Gold Climbs as European Crisis Spurs Demand

Gold advanced on Europe's continued debt crisis and on concern that they might not be able to contain the crisis. Investors flock to the metal in order to protect their assets and wealth in case of a potential slowdown in the overall global economy.

By Glenys Sim
Oct 2, 2011 11:53 PM MT
Bloomberg

Gold advanced for a third day on concern that Europe’s sovereign-debt crisis may not be contained, spurring investors to buy the metal to guard their wealth against a potential slowdown in the global economy.

Immediate-delivery gold climbed as much as 1.4 percent to $1,647.35 an ounce, and traded at $1,646.98 at 2:50 p.m. in Singapore. The precious metal, which reached an all-time high of $1,921.15 on Sept. 6, climbed 8.2 percent in the three months to Sept. 30 for a 12th quarterly advance. December-delivery bullion gained as much as 1.7 percent to $1,650 an ounce in New York.

European finance chiefs meet in Luxembourg today to discuss how to protect banks from the fallout of a potential Greek default even as the country approved further austerity measures needed to secure an aid payment and second rescue package.

“Investors who may not have the patience to wait for a political solution to the debt crisis from policy makers may seek out gold as a portfolio diversifier,” James Steel, an analyst at HSBC Securities USA Inc., wrote in a note. “As long as there is a mismatch between faster-moving, sovereign-debt- related events in the European Union and the political response to those developments, gold is likely to be the beneficiary.”

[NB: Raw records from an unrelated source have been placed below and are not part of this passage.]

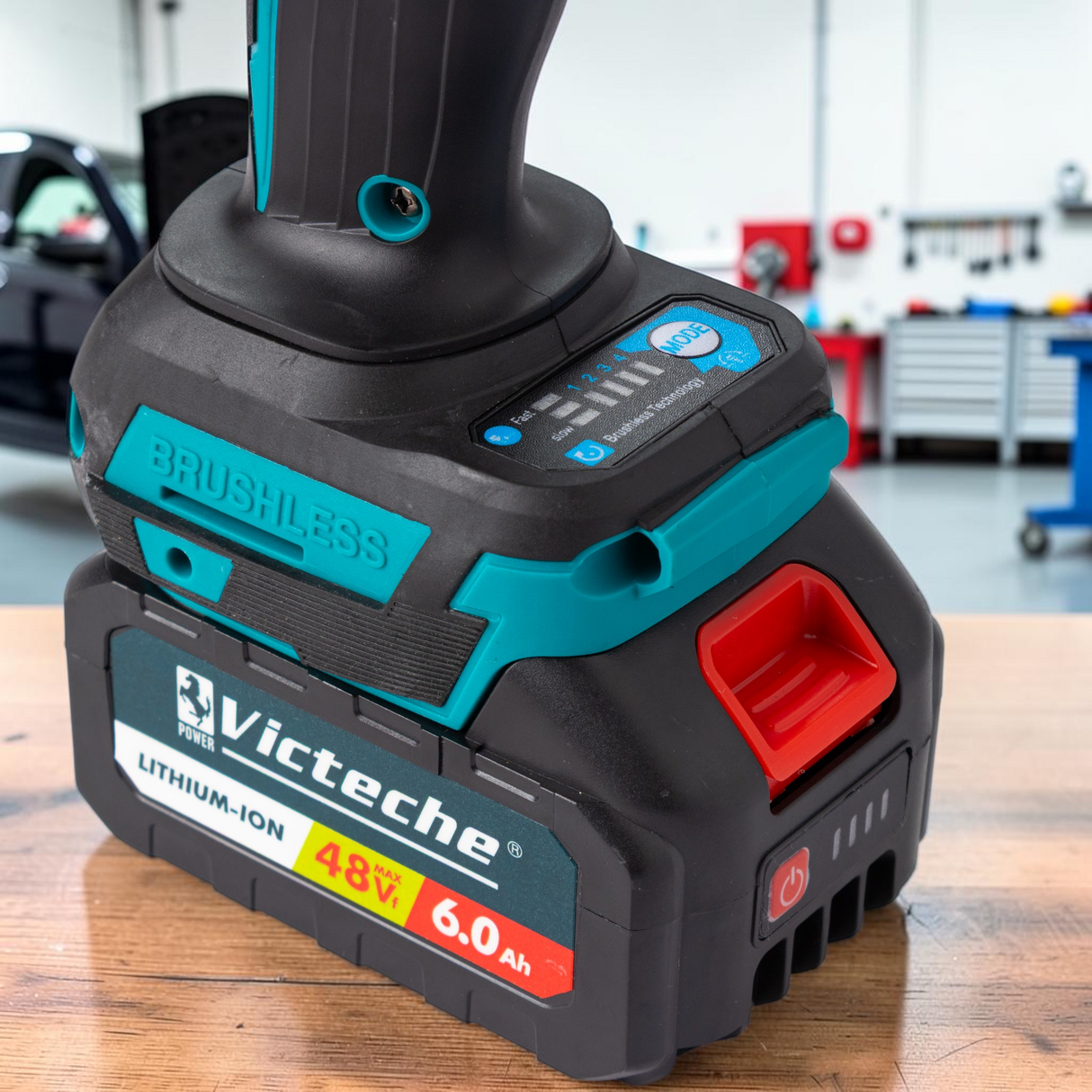 Llave De Impacto Inalámbrica 450nm 1/2 20v Brushless Hoteche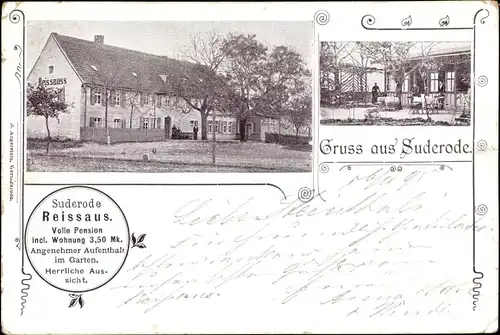 Vorläufer Ak Bad Suderode Quedlinburg im Harz, Pension Reissaus, 1895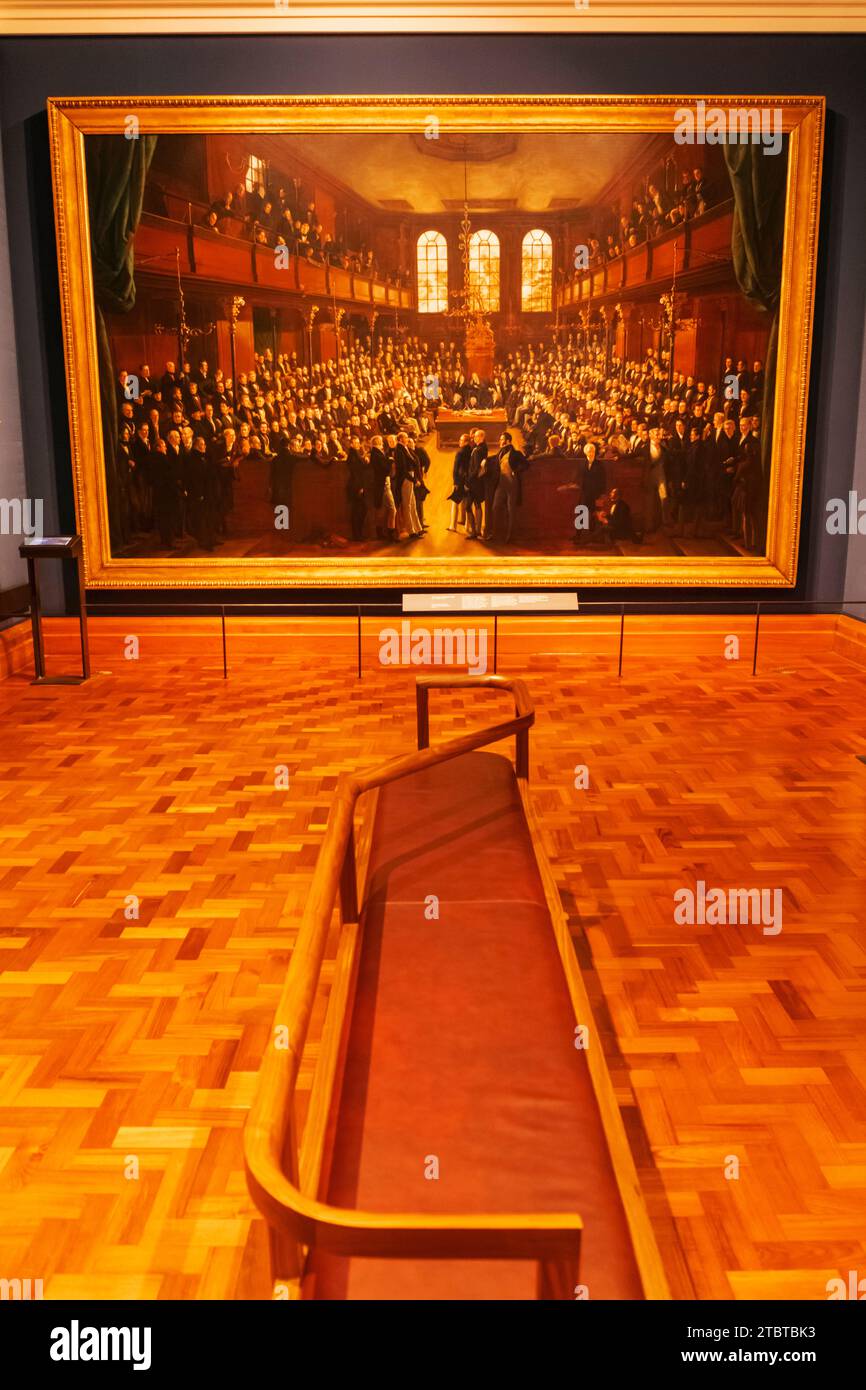 England London National Portrait Gallery Interior View Stock Photo england-london-national-portrait-gallery-interior-view-stock-photo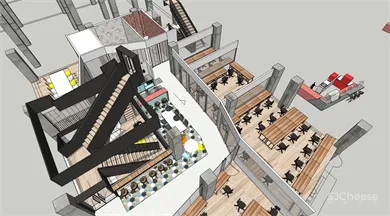 米域·丰再联合办公空间改造设计/予舍予筑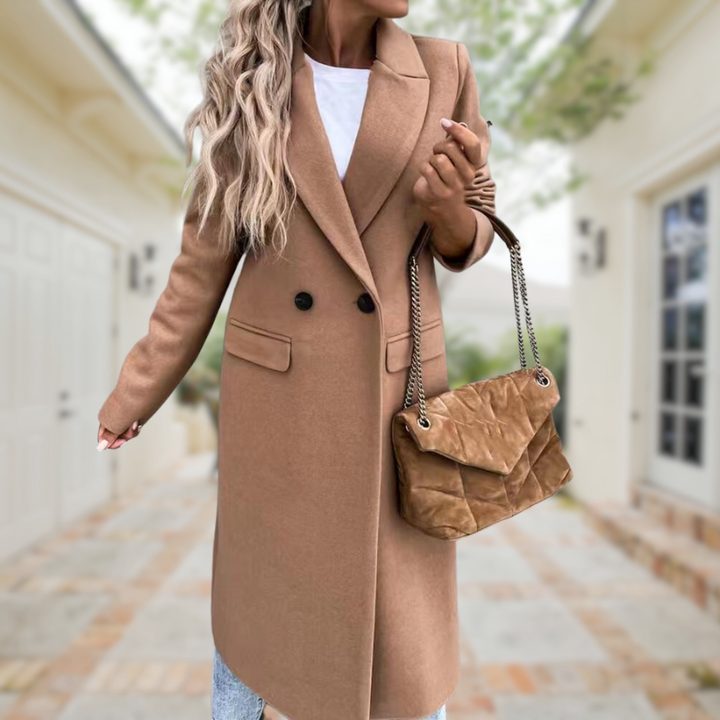 Levoire | Élégant Et Chic Manteau Long Khaki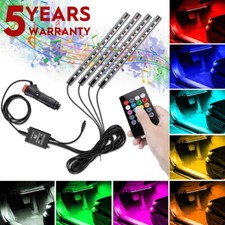 4 peças RGB cores motocicleta ATV 5050 LED neon sob brilho kit de tira de luz de destaque comprar usado  Enviando para Brazil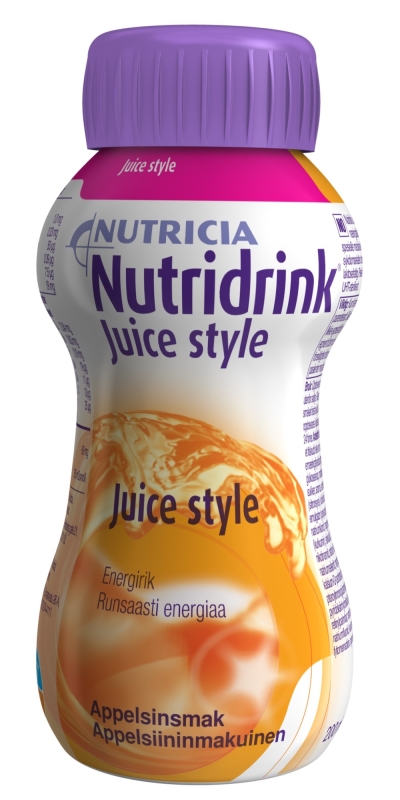 Nutridrink Juice style, 4x200ml Appelsin 
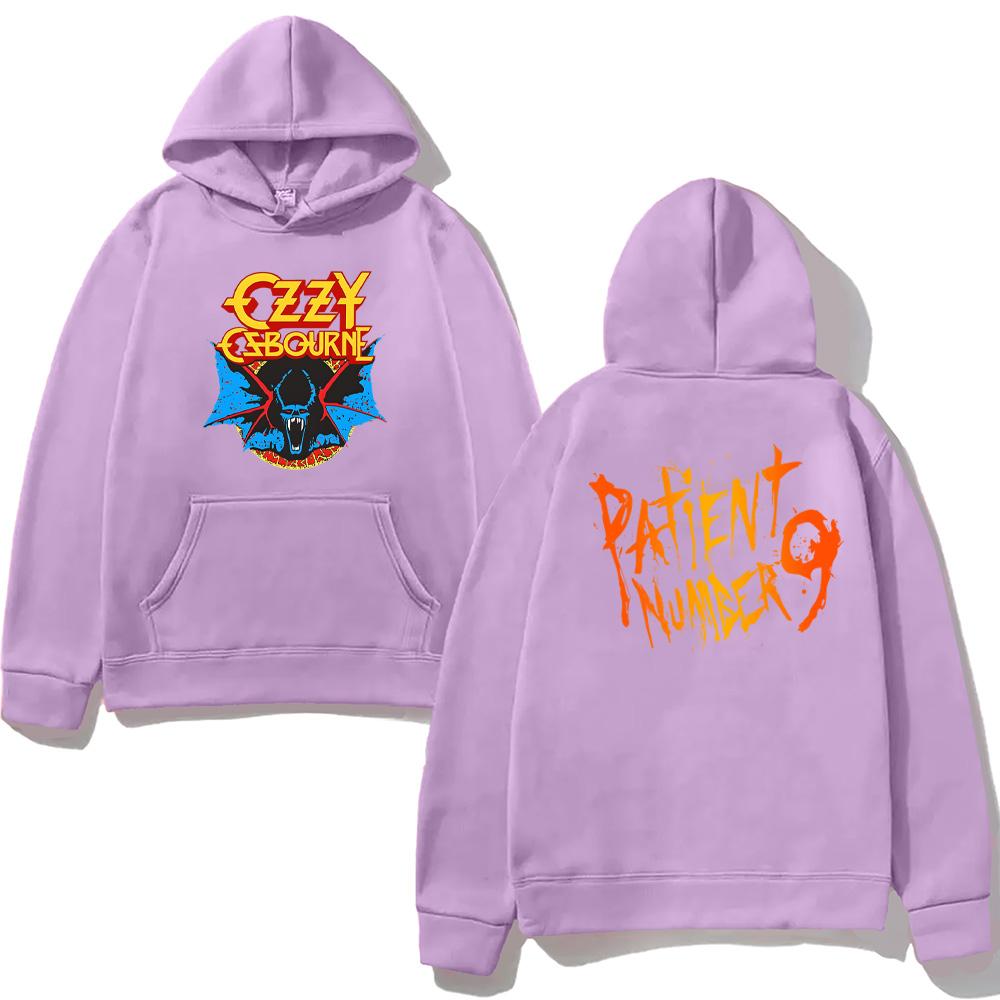 Худи Ozzy Osbourne 2025 Модные толстовки Харадзюку Эстетичное худи Классическая одежда унисекс Винтажные мягкие панк толстовки с капюшоном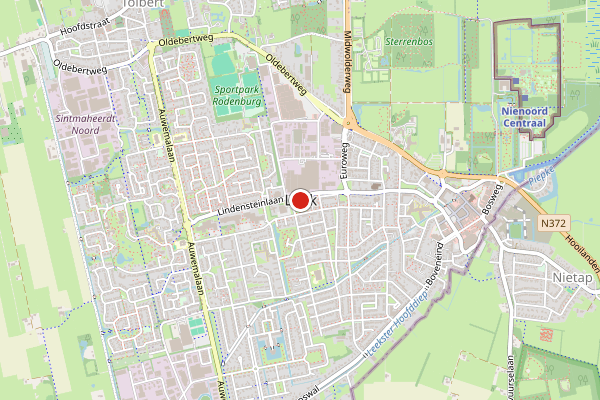 Brandweer-melding op Leek op 24 juni, kaart-overzicht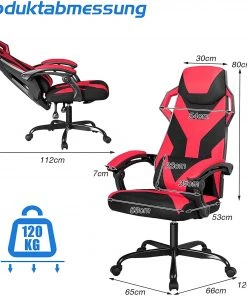 Costway Gaming Stuhl Drehstuhl -Deutschland Stühle Verkaufs-Shop aa50588f1f064609aa3f7bcb474ddb32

Holdings in gold-backed exchange-traded products rose for the first day in seven on Sept. 30 to 2,213.594 metric tons, according to data compiled by Bloomberg. Assets reached a record 2,299.823 tons on Aug. 8, Bloomberg data show.

Global Recession

“Elevated risk of a developed-markets recession has us continuing to prefer gold,” Morgan Stanley analysts including Hussein Allidina wrote in a report. The market is likely to price in the risk of a global recession until there’s a resolution to the European sovereign debt crisis, they wrote.

Hedge funds and other money managers trimmed their net-long gold positions by 15 percent to 127,801 contracts in the week to Sept. 27, data from the U.S. Commodity Futures Trading Commission showed. Total open interest in Comex futures fell to a 13-month low of 445,479 contracts on Sept. 29.

Gold is still in the 11th year of a bull market as investors diversify away from declining equities and commodities, and central banks expand reserves. Thailand, Bolivia and Tajikistan boosted holdings by a combined 18.2 tons in August, valued at $1 billion at the month’s average price.

Cash silver climbed as much as 3.2 percent to $30.8725 an ounce, and December-delivery futures advanced as much as 2.7 percent to $30.89 an ounce. Spot platinum fell as much as 1.2 percent to $1,507 an ounce, while palladium shed as much as 1.6 percent to $602.25 an ounce, the lowest level since October 2010.